Prime Minister Nouri al-Maliki’s State of Law (SOL) party began challenging some provincial governments in 2014. The last one was Basra the economic hub of the country. Even though SOL won the most votes there in 2013 and gained the head of council it decided that it preferred the governorship, held by the Islamic Supreme Council of Iraq (ISC), and initiated a lawsuit in March 2014 in the premier friendly courts to obtain it. Iran brokered a truce between the two parties, but then State of Law brought it up again in April. This time it appeared that Maliki was just using it to warn the Supreme Council before this year’s election that if it decided to challenge him they could lose their positions in the provincial governments.
PM Maliki (left) used the threat against the Basra government to warn Ammar Hakim (right) of the Supreme Council not to challenge him in this year’s election (New Sabah)
At the beginning of April 2014 the case against the Basra government returned to the news. April 3 a court said that it was moving ahead with the lawsuit filed against Basra by State of Law. This was after the same court said it was holding off hearing the case at the end of March. Then on April 7 the judges said they were postponing the case due to a lack of evidence. Beforehand the Islamic Supreme Council of Iraq (ISCI) was complaining that the judges reviewing the suit had been changed due to interference by SOL. The Supreme Council was obviously on the defensive with the threat of losing the Basra governorship hanging over its head. State of Law on the other hand was playing it cool saying that it was committed to working with ISCI. The courts in Iraq are under the influence of the prime minister so the threat of a lawsuit held a lot of weight.
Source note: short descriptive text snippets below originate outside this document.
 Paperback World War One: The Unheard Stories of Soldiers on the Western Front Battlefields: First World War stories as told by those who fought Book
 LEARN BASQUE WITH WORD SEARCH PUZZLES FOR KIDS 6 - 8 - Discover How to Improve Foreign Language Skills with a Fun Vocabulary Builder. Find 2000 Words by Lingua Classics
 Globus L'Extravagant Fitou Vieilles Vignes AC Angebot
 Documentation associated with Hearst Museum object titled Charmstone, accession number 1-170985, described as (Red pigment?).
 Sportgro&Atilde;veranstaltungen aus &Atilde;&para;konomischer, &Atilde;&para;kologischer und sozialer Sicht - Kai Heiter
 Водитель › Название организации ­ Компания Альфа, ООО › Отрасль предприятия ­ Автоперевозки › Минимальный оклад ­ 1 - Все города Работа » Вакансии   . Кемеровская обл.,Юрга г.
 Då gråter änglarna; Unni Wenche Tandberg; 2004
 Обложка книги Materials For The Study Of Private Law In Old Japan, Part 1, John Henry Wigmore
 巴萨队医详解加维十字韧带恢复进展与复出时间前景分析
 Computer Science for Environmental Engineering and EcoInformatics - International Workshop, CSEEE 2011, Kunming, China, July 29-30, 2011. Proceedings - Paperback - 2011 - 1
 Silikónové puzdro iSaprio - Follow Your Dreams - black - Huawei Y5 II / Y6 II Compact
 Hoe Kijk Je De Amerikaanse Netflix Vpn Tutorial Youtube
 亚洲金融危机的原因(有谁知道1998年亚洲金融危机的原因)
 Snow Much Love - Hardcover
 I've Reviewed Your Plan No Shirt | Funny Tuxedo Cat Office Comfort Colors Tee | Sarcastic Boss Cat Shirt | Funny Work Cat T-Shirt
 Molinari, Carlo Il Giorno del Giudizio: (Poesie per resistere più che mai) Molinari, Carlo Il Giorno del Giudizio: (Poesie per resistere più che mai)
State of Law initiated the lawsuit because it wanted the governorship of Basra. The provincial government was put together in June 2013. The first session was attended by judges and 28 of the 35 council members, including 9 of 16 the SOL councilmen. State of Law got the head of council, while ISCI obtained the governorship. The other seven SOL members called for a postponement, which was the basis for the court case. That was a precarious lawsuit since SOL got the most votes in the election, participated in the government formation process, and ended up with the council chairmanship. That didn’t matter since the courts would rule whatever way Maliki wanted showing that this was a pure power grab by the prime minister.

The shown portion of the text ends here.